What is it about?
The book aims to describe the principles through which Southwest Airlines has gained and sustained competitive advantage in in the airline industry. The book begins (about the first 1/3) by outlining the core strategic principle, high asset utilisation (keeping the aircrafts flying, thereby generating revenue). This is followed (the rest of the book, about 2/3) by describing the organisational principles, one by one, which bring about this organisational capability.
Was it good?
Well, sort of. I enjoyed the first 1/3 or so where the core strategic posture of the company was outlined (high asset utilisation through quick plane turn-around), but the latter 2/3 was slightly too 'preaching' to my liking. I don't doubt the soundness of the organisational principles discussed (see those listed e.g. here), but the style with which those were discussed and argued for was ... well, I struggle to find words here. Perhaps it has to do with the 'do like this and these wonderful things will happen' kind of an argumentative style - or my perception of it being such. To the author's credit, the book closes with a discussion of the 10 principles having to constitute a consistent whole; no one principle carries one too far.

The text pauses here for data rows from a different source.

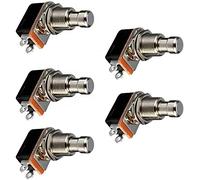 CENPEK 5 Pack Electric Guitar Effects Pedal Box Momentary SPST Button Stomp Foot Switch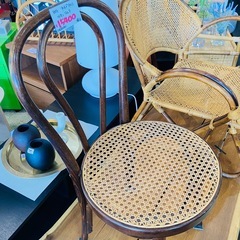 80’s オールドマルニ　ラタンチェア　の画像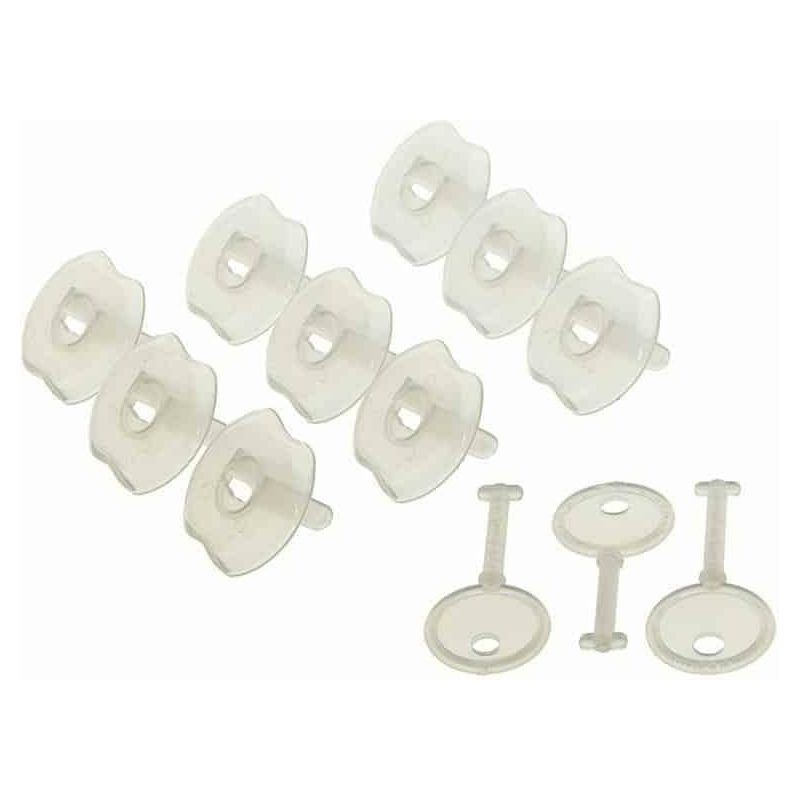 Dream baby G142 Keyed Outlet Plugs – 9 Plugs + 3 Keys - BumbleToys - 0-24 Months, Babies, Baby Saftey & Health, Boys, Cecil, Girls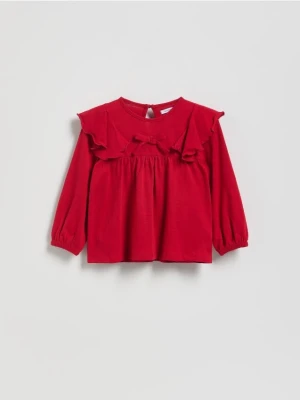 Reserved - Bluzka z falbankami - czerwony
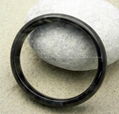 Burma Black Jadeite Jade Bangle Bracelet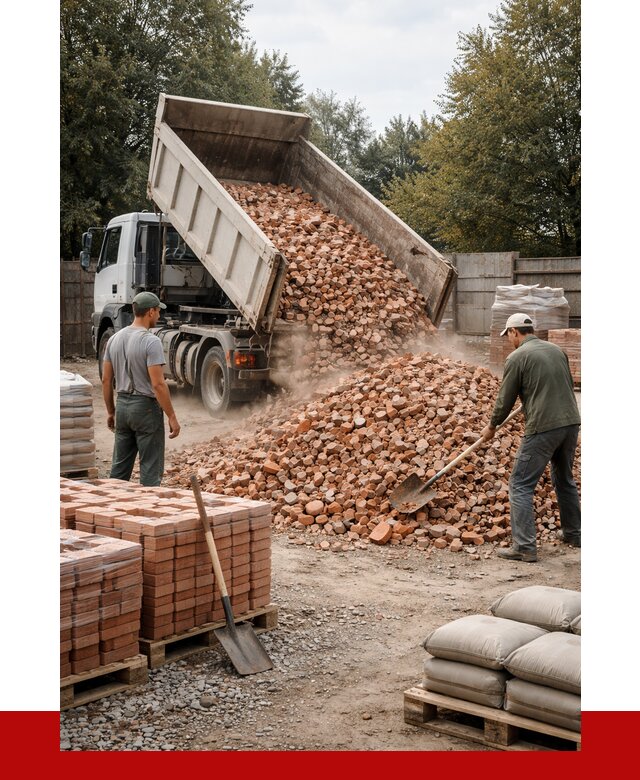 Бой кирпича в Алапаевске с доставкой от 4496 руб/куб | ПРОНЕРУДЛпв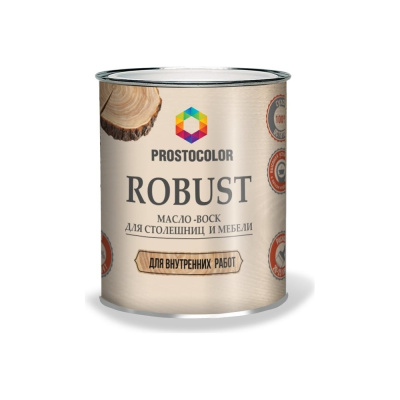 Масло для столешниц и мебели ПРОСТОКОЛОР ROBUST дуб, 0.75 л PROSTOCOLOR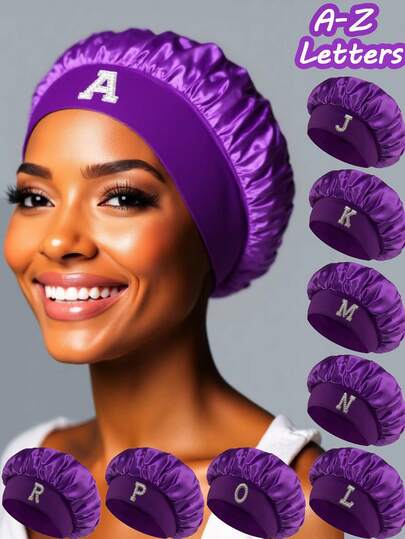 Satin Bonnet Silk Bonnet Hair Bonnet For Sleeping-Slouchy Beanie Hat Satin Sleep Cap For Women's Natural & Curly Hair Halloween Christmas New Year 2026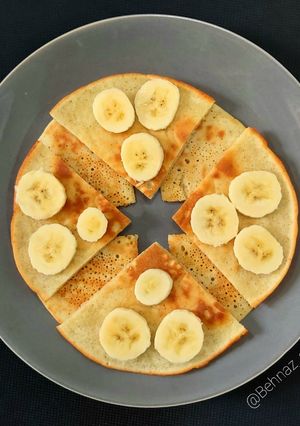 عکسی از دستور پنکیک بادام (پنکیک پروتئینی رژیمی) 🥞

The main take-away for me?
I chose the book in the first place because one of my current work projects is heavily built upon boosting systemic value creation through significantly increasing the utilisation of the key assets in the system. The book certainly reinforced my thinking about this strategic posture and what can be achieved with it. Moreover, the book also provided some insights into how to bring about such change.
Who should read the book?
I believe that this book belongs first and foremost to a CEO's bedside table, and the book clearly is intended as being such. And better yet, the book should also be found on his/her HR manager's table. However, the narrative style of the book perhaps is most appealing to readers from certain cultural traditions, and Scandinavian readers may fall somewhat outside the most receptive audience.